● **EXERCISE BRIEF**
What you return must be the data below, word for word, without any images.

● **DATA SECTION**

■ ■ ■ ■ ■ ■ ■

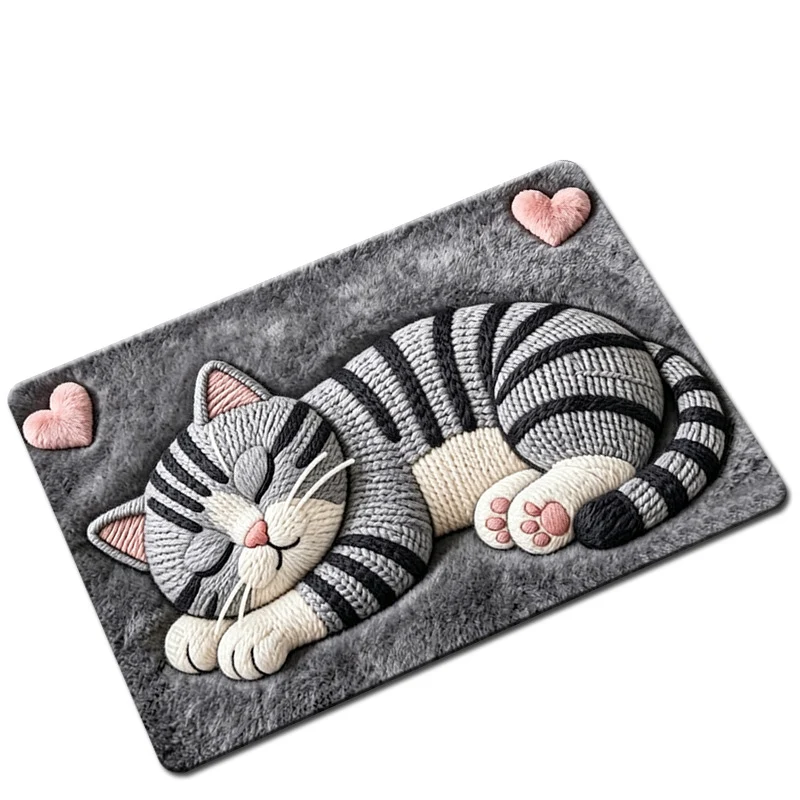 Cute Cat-Shaped Plush Bath Mat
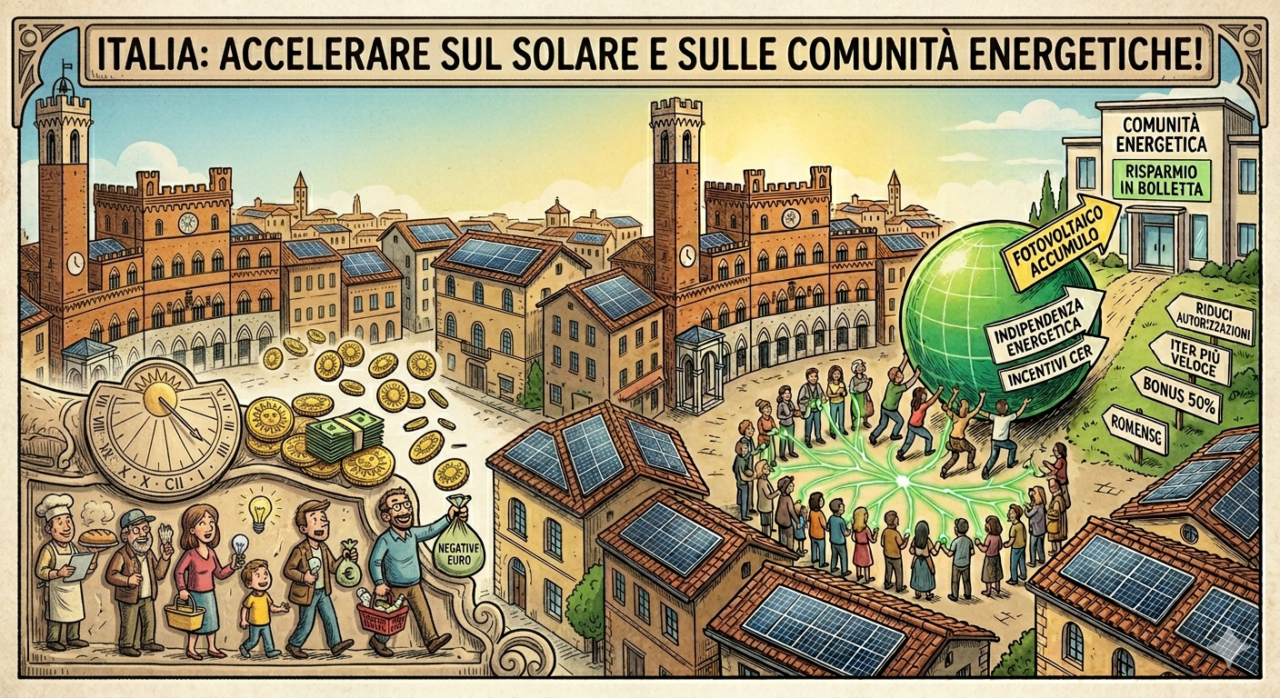 Prezzi energia negativi: 3 motivi per cui l'italia deve correre verso il solare entro il 2026 - 3 Vignetta Illustrativa Sull'Accelerazione Dell'Italia Verso L'Energia Solare E Le Comunità Energetiche In Risposta Ai Prezzi Energia Negativi.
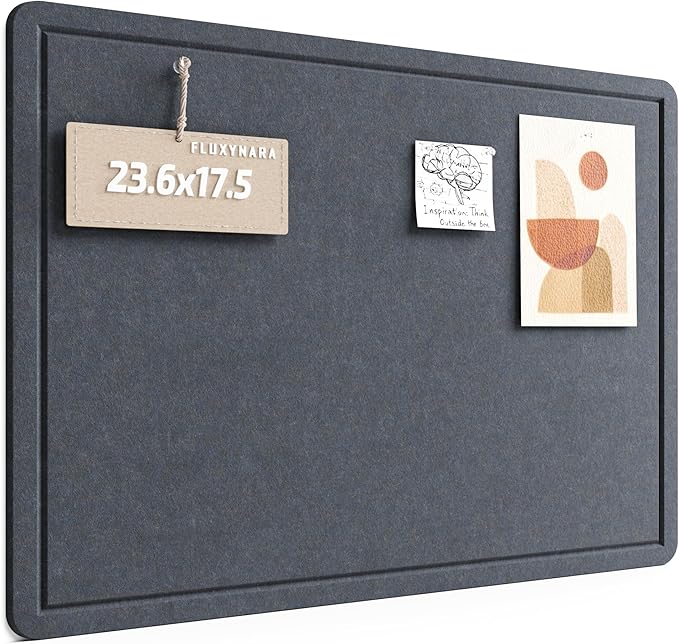 Fluxynara Bulletin Board, 23.6" x 17.5" Cork Board Alternative with 12 Safe Removable Adhesive Tabs, Foldable Felt Pin Board for Home Office, Classroom, Bedroom,Entryway for Walls—Navy Blue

■ ■ ■ ■ ■ ■ ■

● **SOLUTION TO THIS TASK**
 Cute Cat-Shaped Plush Bath Mat
 Prezzi energia negativi: 3 motivi per cui l'italia deve correre verso il solare entro il 2026 - 3 Vignetta Illustrativa Sull'Accelerazione Dell'Italia Verso L'Energia Solare E Le Comunità Energetiche In Risposta Ai Prezzi Energia Negativi.
 Fluxynara Bulletin Board, 23.6" x 17.5" Cork Board Alternative with 12 Safe Removable Adhesive Tabs, Foldable Felt Pin Board for Home Office, Classroom, Bedroom,Entryway for Walls—Navy Blue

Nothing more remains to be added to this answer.